SPDIF Cable sensitive to movement / EM fields?

My rig uses an iBasso DX50 SPDIF into D14 however sometimes when I move or reach for the rig, the music cuts out for a second before resuming. This also happens when an electrical change happens nearby such as someone flicks a light switch or a battery charger completes it's cycle. 

I know all digital cables are supposed to be the same, but is it worth swapping out the stock SPDIF cable for a shielded one?


----------



## Klots

cotnijoe said:


> you made a rash, but very correct, decision my friend. haha!




Yes, thanks!  I hope so too. It shoud arrive next week and my Custom Art Harmony 8 Pro CIEMs will be ready in the end of January, so it is going to be interesting


----------



## Paul - iBasso

aradea said:


> @paul-ibasso how is the amp section of the D14 compared to the PB2? SQ/sound characteristics of course..


 

 They are very different. The PB2 has much more power and is made for balanced so it can drive most any headphone. The D14 for most phones does an excellent job but with the PB2 you can change the op amps and buffers so the sound can be changed to your preference. It depends upon your needs. The D14 is a nice all on one solution for a portable dac and amp and the PB2 a portable single ended or balanced amplifier.


----------



## Aradea

paul - ibasso said:


> They are very different. The PB2 has much more power and is made for balanced so it can drive most any headphone. The D14 for most phones does an excellent job but with the PB2 you can change the op amps and buffers so the sound can be changed to your preference. It depends upon your needs. The D14 is a nice all on one solution for a portable dac and amp and the PB2 a portable single ended or balanced amplifier.



My need is a I would like DAC + Amp OR DAC and Amp under $600, for driving planar HPs and a power hungry IEM.
I think I can get a PB2 for cheaper than a D14 and then buy a separate DAC. If buying a PB2 for its amp qualities its worth it rather than buying an integrated amp+DAC like the D14


----------



## Aradea

Oh I forgot, I would use it 99% as a desktop system connected to my laptop


----------



## Lurk650

Bought this about a week ago. I mainly have been using this from my laptop since I have a FiiO E07K for portable with my 4th Gen iPod Touch. I use the L9 cable so it provides a Line Out from the iPod. I thought this would then be using the DAC portion (thought so with the E07K) but the D14 says AUX input only uses an amp. 
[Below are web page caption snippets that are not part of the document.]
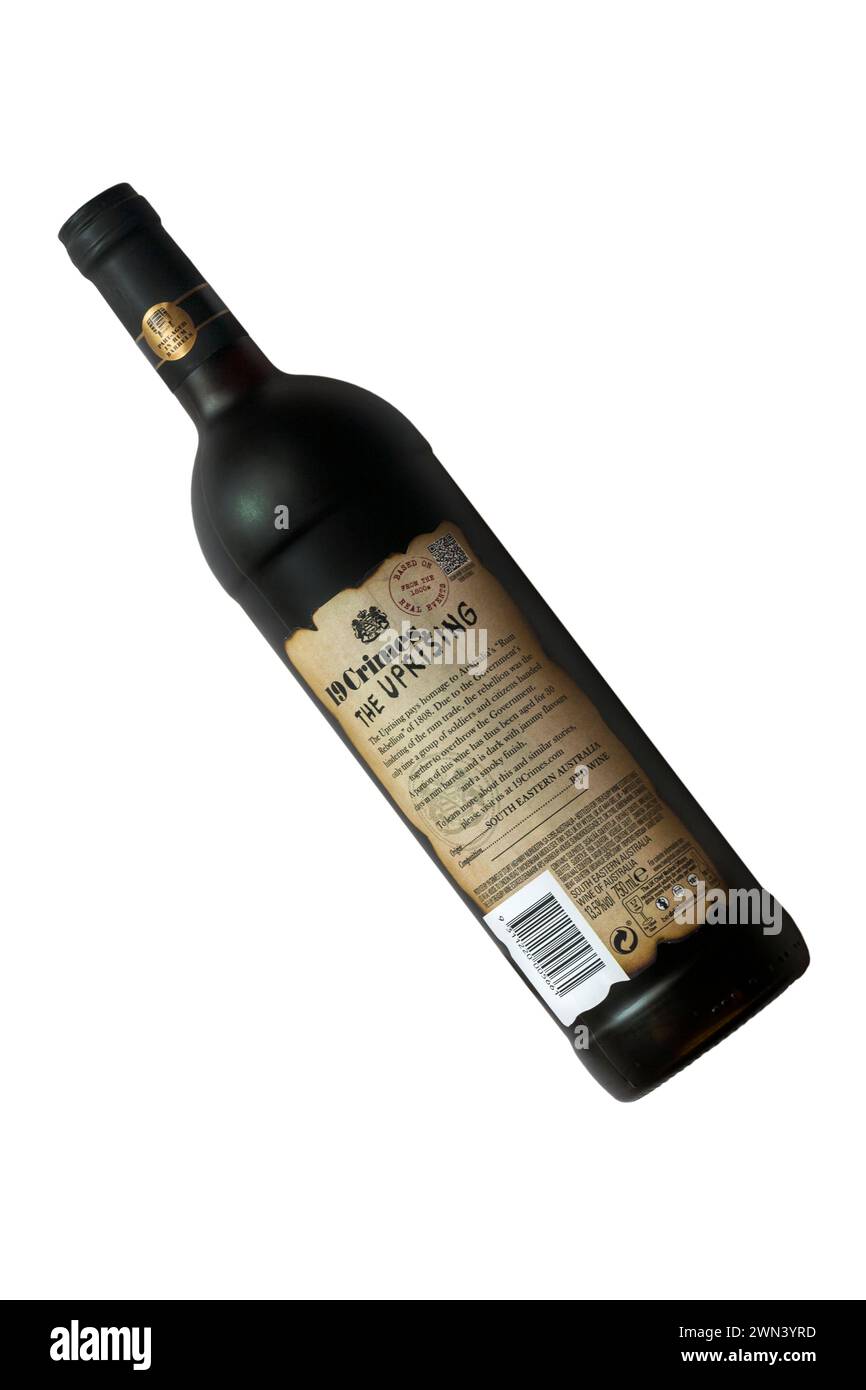 Bottiglia di 19 Crimes The Uprising vino rosso parzialmente invecchiato in botti di rum isolato su un prodotto di fondo bianco dell'Australia, australiano - posteriore Foto Stock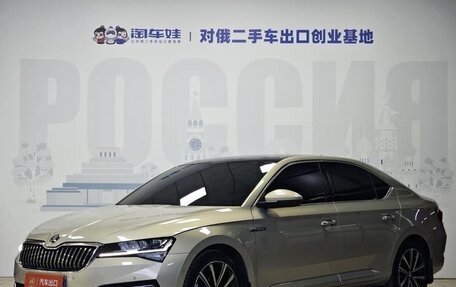 Skoda Superb III рестайлинг, 2021 год, 2 880 000 рублей, 1 фотография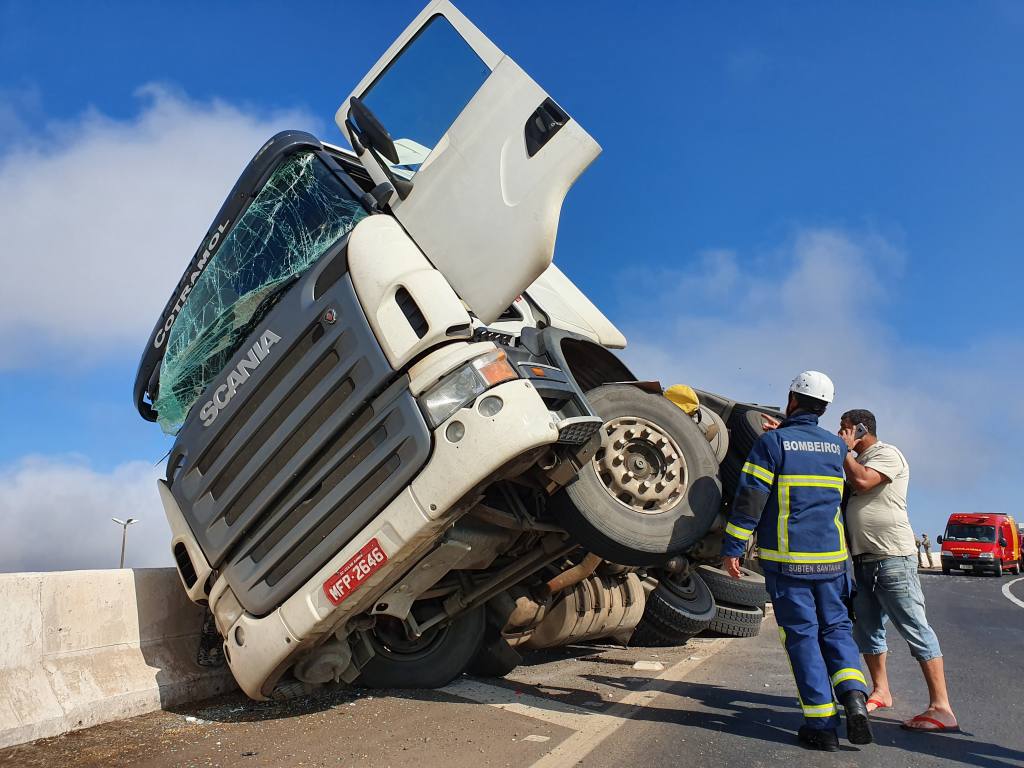 Carreta carregada de frangos quase despenca do Contorno Norte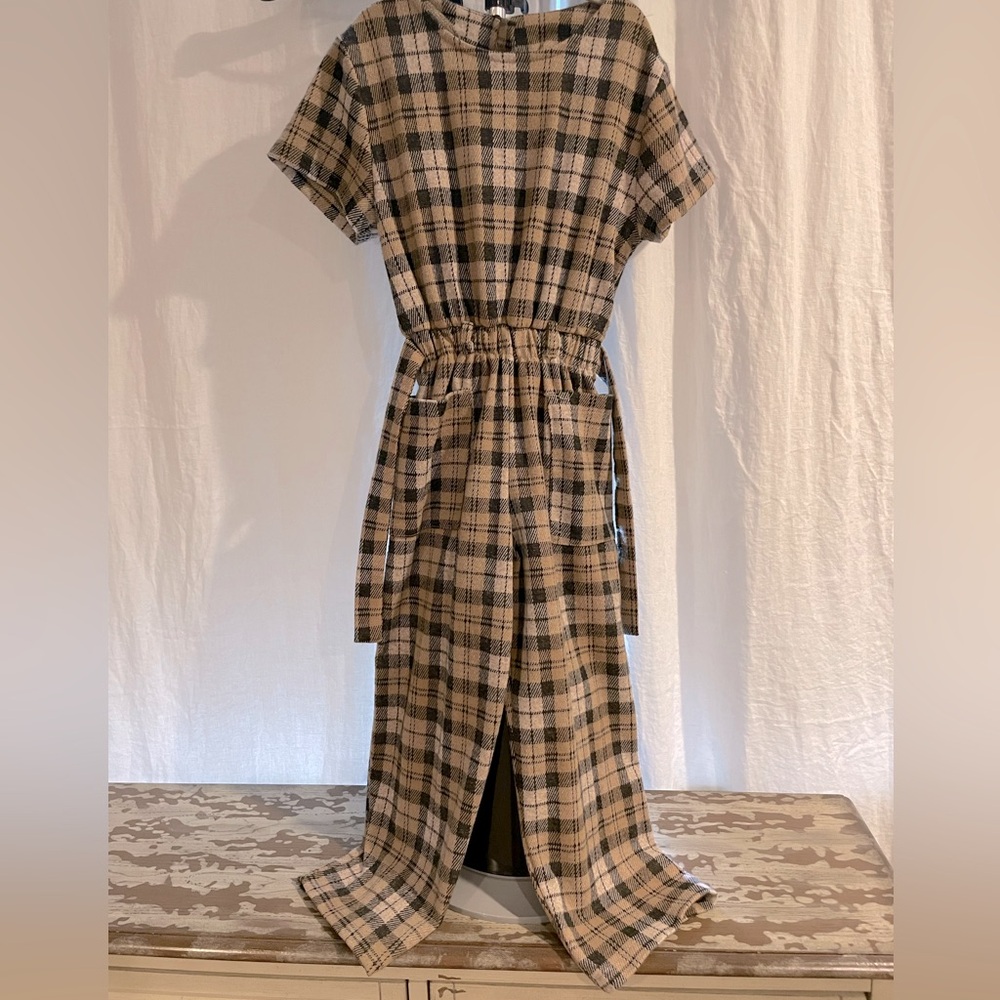 ZARA girls Plaid Jumpsuit with short sleeve. Size US9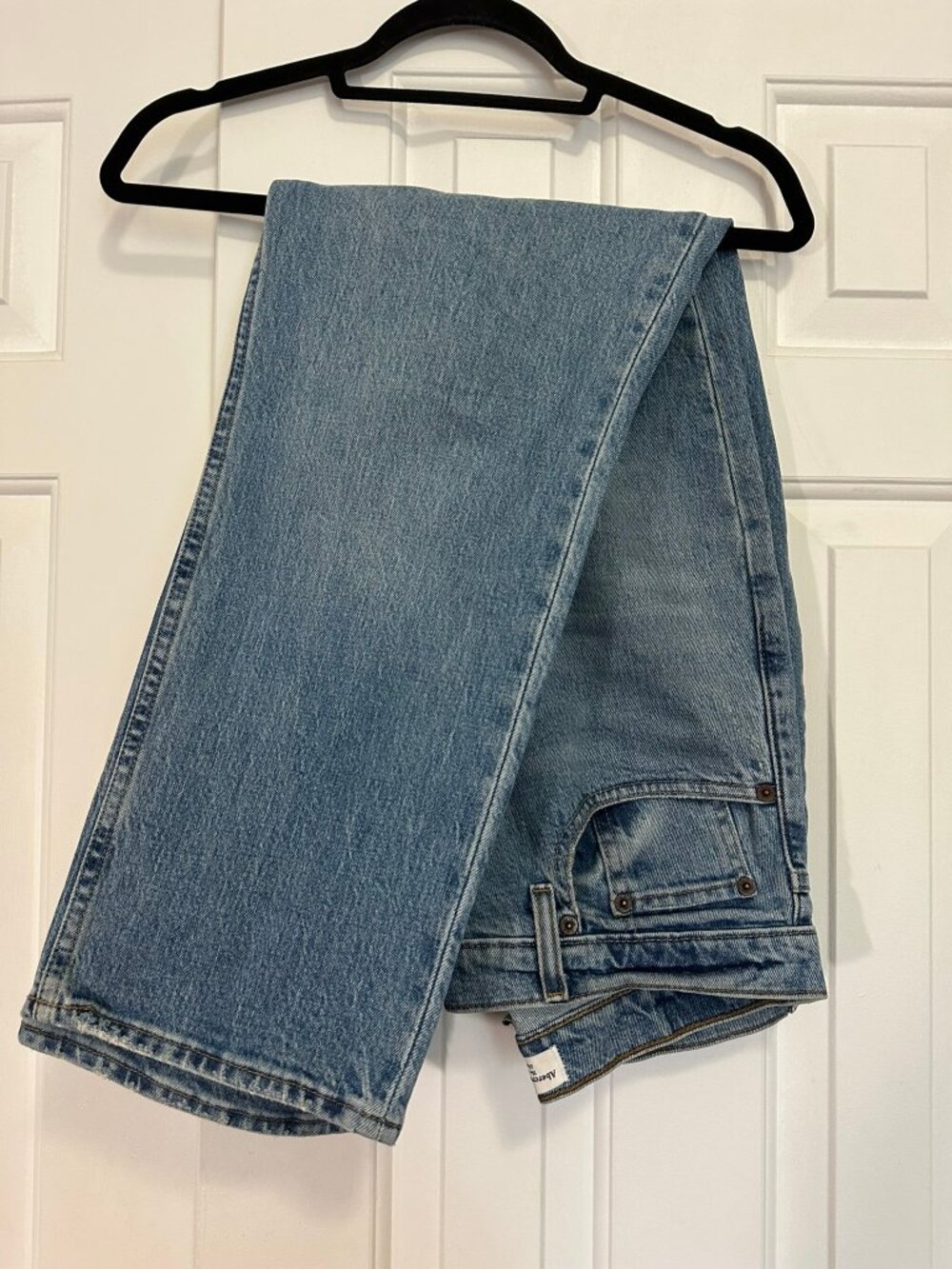 Abercrombie Ultra High Rise 90s Straight Jean - Size 10 short (size 30) - Picture 6 of 7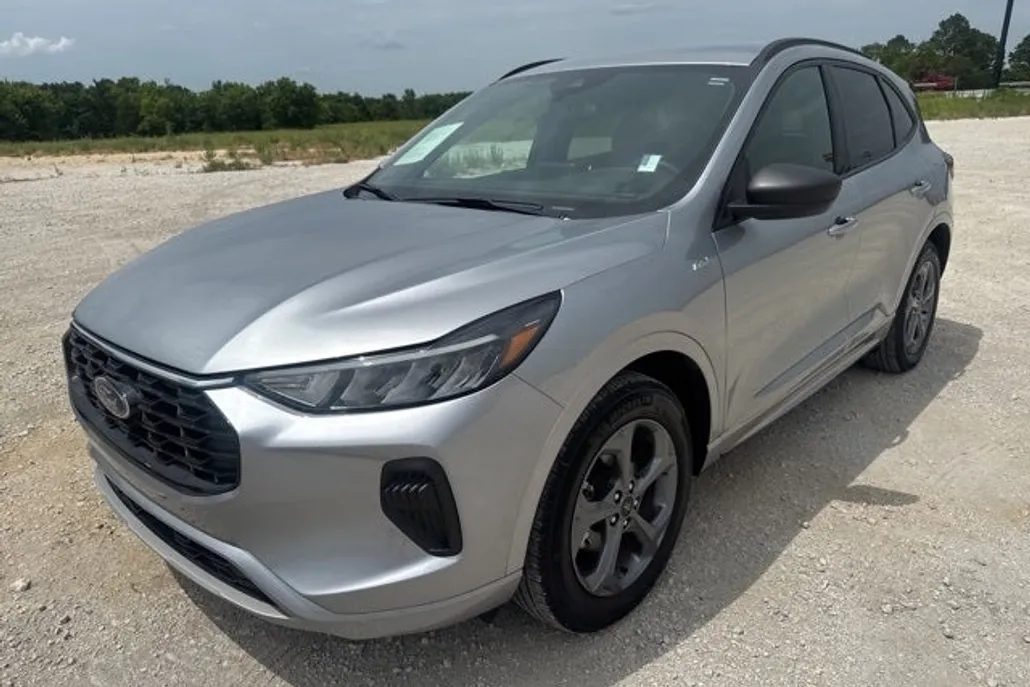 2024 Ford Escape ST-Line photo 1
I guess the L9 just provides a Line Out but still uses the iPods DAC


----------



## Aradea

lurk650 said:


> Bought this about a week ago. I mainly have been using this from my laptop since I have a FiiO E07K for portable with my 4th Gen iPod Touch. I use the L9 cable so it provides a Line Out from the iPod. I thought this would then be using the DAC portion (thought so with the E07K) but the D14 says AUX input only uses an amp.
> 
> I guess the L9 just provides a Line Out but still uses the iPods DAC



Impressions please


----------



## Lurk650

aradea said:


> Impressions please




Not too good with this stuff but very clean and transparent sound. Great as a desktop setup, not terrible for portable use from what I can tell. Uses the ESS9018 DAC which is one of the best in the market, same one as my LG v10 but the D14 amp is of course more powerful than my phones. 

One thing to note, when it's completely dead it won't work for a a few minutes until it gets a bit of charge in it. Happened to me the other night and I thought it failed on me lol.


----------



## Aradea

lurk650 said:


> Not too good with this stuff but very clean and transparent sound. Great as a desktop setup, not terrible for portable use from what I can tell. Uses the ESS9018 DAC which is one of the best in the market, same one as my LG v10 but the D14 amp is of course more powerful than my phones.
> 
> One thing to note, when it's completely dead it won't work for a a few minutes until it gets a bit of charge in it. Happened to me the other night and I thought it failed on me lol.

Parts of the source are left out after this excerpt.